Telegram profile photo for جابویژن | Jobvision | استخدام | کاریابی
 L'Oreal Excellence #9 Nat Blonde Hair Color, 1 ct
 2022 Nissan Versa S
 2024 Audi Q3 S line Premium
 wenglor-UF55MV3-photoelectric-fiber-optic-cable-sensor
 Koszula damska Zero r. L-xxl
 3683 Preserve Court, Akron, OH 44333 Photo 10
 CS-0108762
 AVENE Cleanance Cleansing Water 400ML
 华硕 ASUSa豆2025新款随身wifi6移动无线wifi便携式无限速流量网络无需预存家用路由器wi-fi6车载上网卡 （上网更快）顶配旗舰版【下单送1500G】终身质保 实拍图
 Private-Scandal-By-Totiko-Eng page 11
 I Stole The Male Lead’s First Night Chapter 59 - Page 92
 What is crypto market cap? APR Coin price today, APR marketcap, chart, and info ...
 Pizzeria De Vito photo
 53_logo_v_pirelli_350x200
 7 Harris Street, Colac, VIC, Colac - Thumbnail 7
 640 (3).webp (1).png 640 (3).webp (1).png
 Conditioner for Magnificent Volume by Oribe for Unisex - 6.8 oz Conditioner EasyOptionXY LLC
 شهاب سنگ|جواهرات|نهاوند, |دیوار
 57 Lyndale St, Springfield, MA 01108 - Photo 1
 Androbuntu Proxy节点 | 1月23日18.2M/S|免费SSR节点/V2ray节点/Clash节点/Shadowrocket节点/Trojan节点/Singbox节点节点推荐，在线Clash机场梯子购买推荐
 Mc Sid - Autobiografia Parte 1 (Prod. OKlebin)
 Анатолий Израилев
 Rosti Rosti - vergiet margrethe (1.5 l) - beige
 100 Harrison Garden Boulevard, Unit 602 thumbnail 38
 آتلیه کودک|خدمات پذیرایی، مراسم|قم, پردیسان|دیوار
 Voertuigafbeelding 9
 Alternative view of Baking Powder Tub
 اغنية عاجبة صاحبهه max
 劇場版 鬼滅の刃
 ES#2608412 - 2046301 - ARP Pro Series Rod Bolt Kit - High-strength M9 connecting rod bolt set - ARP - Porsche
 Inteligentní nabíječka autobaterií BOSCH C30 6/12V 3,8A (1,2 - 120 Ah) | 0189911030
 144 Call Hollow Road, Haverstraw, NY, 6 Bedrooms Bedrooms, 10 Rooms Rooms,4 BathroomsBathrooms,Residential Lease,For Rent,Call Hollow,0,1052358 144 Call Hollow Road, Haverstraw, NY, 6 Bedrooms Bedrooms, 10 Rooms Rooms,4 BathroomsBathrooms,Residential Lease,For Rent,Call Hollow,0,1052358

-----

### ABOUT THIS TASK:
Retype every line of the listing, word for word, from its opening line to the line that holds "57 Lyndale St, Springfield, MA", and include that last line too.

### SOLUTION TO THIS TASK:
Telegram profile photo for جابویژن | Jobvision | استخدام | کاریابی
 L'Oreal Excellence #9 Nat Blonde Hair Color, 1 ct
 2022 Nissan Versa S
 2024 Audi Q3 S line Premium
 wenglor-UF55MV3-photoelectric-fiber-optic-cable-sensor
 Koszula damska Zero r. L-xxl
 3683 Preserve Court, Akron, OH 44333 Photo 10
 CS-0108762
 AVENE Cleanance Cleansing Water 400ML
 华硕 ASUSa豆2025新款随身wifi6移动无线wifi便携式无限速流量网络无需预存家用路由器wi-fi6车载上网卡 （上网更快）顶配旗舰版【下单送1500G】终身质保 实拍图
 Private-Scandal-By-Totiko-Eng page 11
 I Stole The Male Lead’s First Night Chapter 59 - Page 92
 What is crypto market cap? APR Coin price today, APR marketcap, chart, and info ...
 Pizzeria De Vito photo
 53_logo_v_pirelli_350x200
 7 Harris Street, Colac, VIC, Colac - Thumbnail 7
 640 (3).webp (1).png 640 (3).webp (1).png
 Conditioner for Magnificent Volume by Oribe for Unisex - 6.8 oz Conditioner EasyOptionXY LLC
 شهاب سنگ|جواهرات|نهاوند, |دیوار
 57 Lyndale St, Springfield, MA 01108 - Photo 1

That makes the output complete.